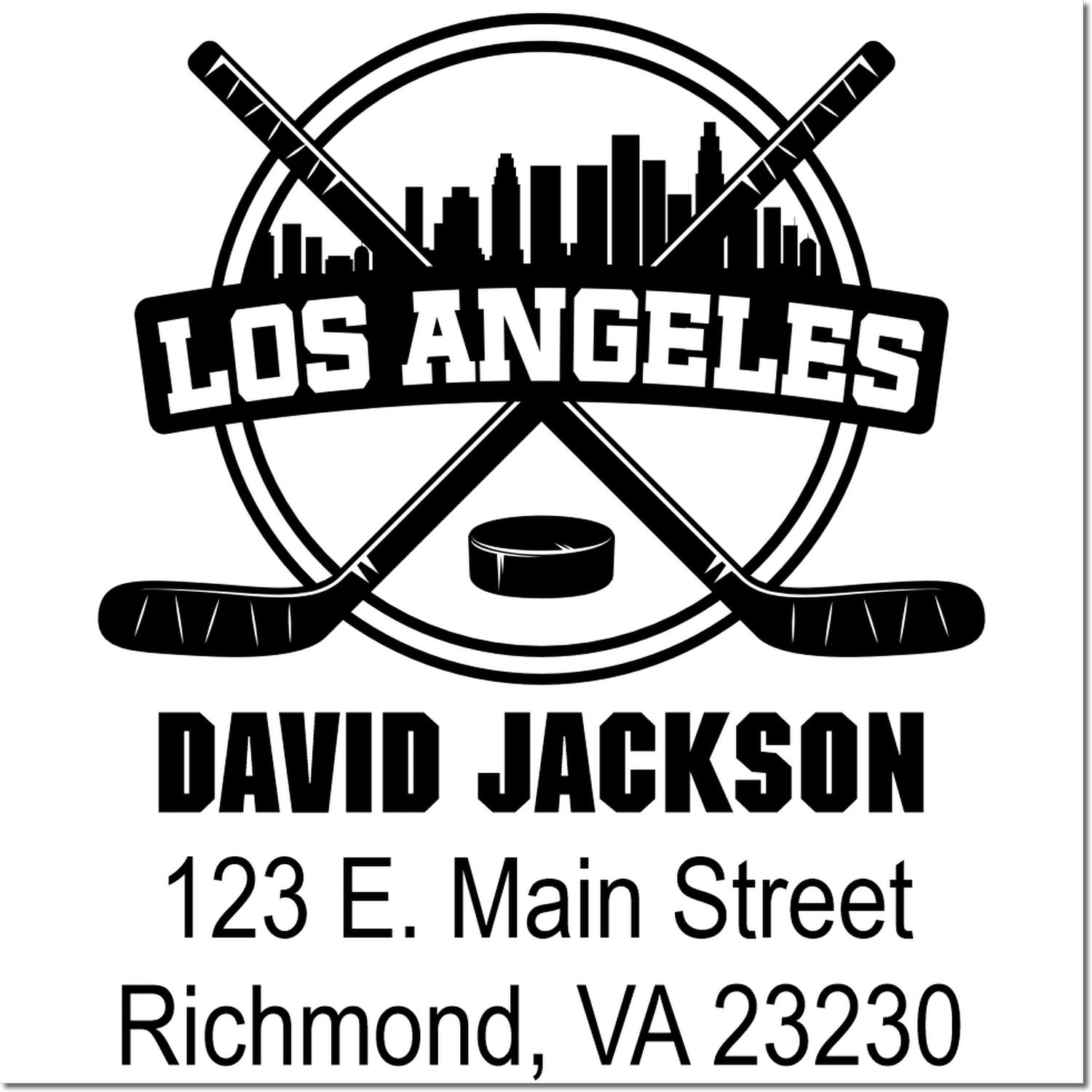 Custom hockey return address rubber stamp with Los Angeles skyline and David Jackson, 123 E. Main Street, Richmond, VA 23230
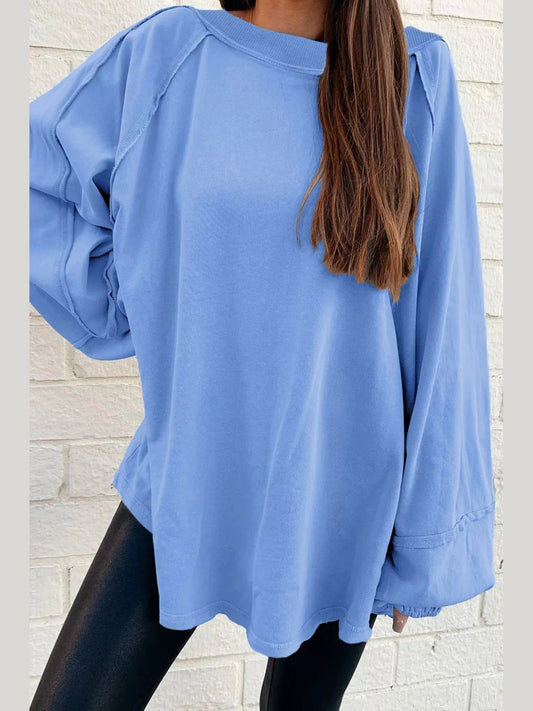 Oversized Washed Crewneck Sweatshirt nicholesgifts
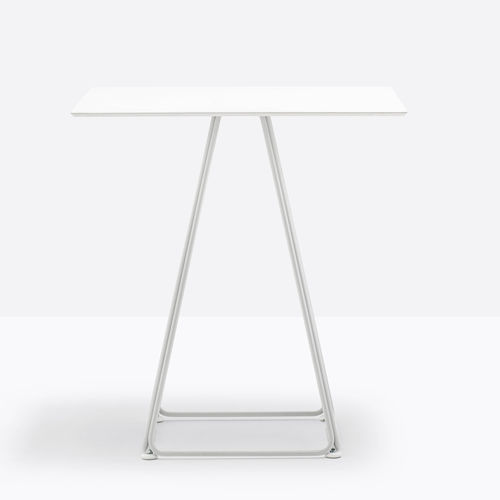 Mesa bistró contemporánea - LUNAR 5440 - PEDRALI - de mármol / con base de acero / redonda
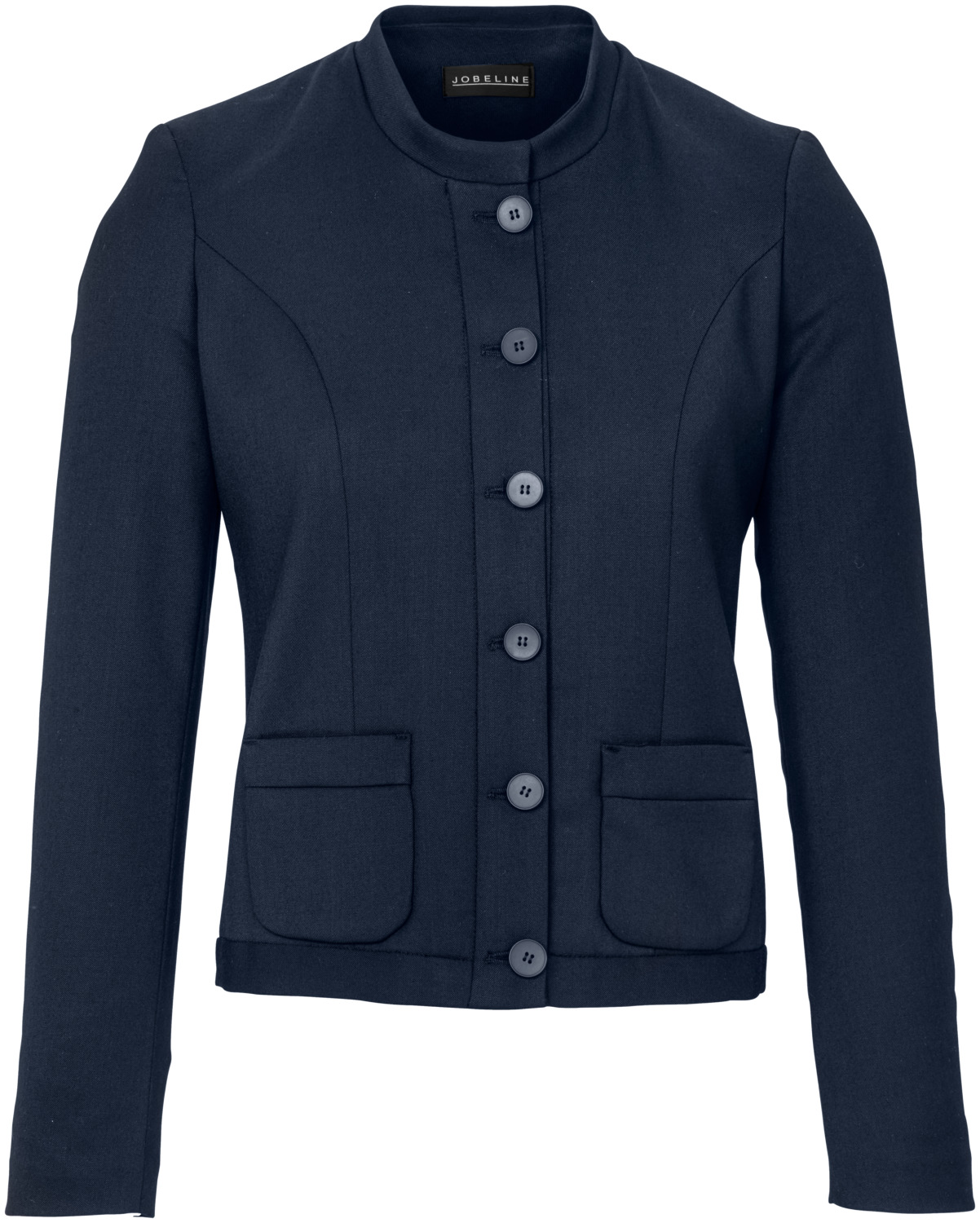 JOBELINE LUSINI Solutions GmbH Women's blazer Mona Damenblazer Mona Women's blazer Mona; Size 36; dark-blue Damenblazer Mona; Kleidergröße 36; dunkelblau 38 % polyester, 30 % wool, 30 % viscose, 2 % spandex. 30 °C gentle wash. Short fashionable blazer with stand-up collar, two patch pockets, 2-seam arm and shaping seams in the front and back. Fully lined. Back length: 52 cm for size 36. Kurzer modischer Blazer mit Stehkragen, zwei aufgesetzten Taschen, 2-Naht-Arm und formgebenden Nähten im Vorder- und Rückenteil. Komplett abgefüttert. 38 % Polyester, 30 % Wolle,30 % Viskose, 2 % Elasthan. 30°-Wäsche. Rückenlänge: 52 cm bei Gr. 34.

== == ==

The task: Write out the listing above in full, word for word, with no pictures.

Response to the exercise:
 Custom hockey return address rubber stamp with Los Angeles skyline and David Jackson, 123 E. Main Street, Richmond, VA 23230
 Oversized Washed Crewneck Sweatshirt nicholesgifts
 Mesa bistró contemporánea - LUNAR 5440 - PEDRALI - de mármol / con base de acero / redonda
 JOBELINE LUSINI Solutions GmbH Women's blazer Mona Damenblazer Mona Women's blazer Mona; Size 36; dark-blue Damenblazer Mona; Kleidergröße 36; dunkelblau 38 % polyester, 30 % wool, 30 % viscose, 2 % spandex. 30 °C gentle wash. Short fashionable blazer with stand-up collar, two patch pockets, 2-seam arm and shaping seams in the front and back. Fully lined. Back length: 52 cm for size 36. Kurzer modischer Blazer mit Stehkragen, zwei aufgesetzten Taschen, 2-Naht-Arm und formgebenden Nähten im Vorder- und Rückenteil. Komplett abgefüttert. 38 % Polyester, 30 % Wolle,30 % Viskose, 2 % Elasthan. 30°-Wäsche. Rückenlänge: 52 cm bei Gr. 34.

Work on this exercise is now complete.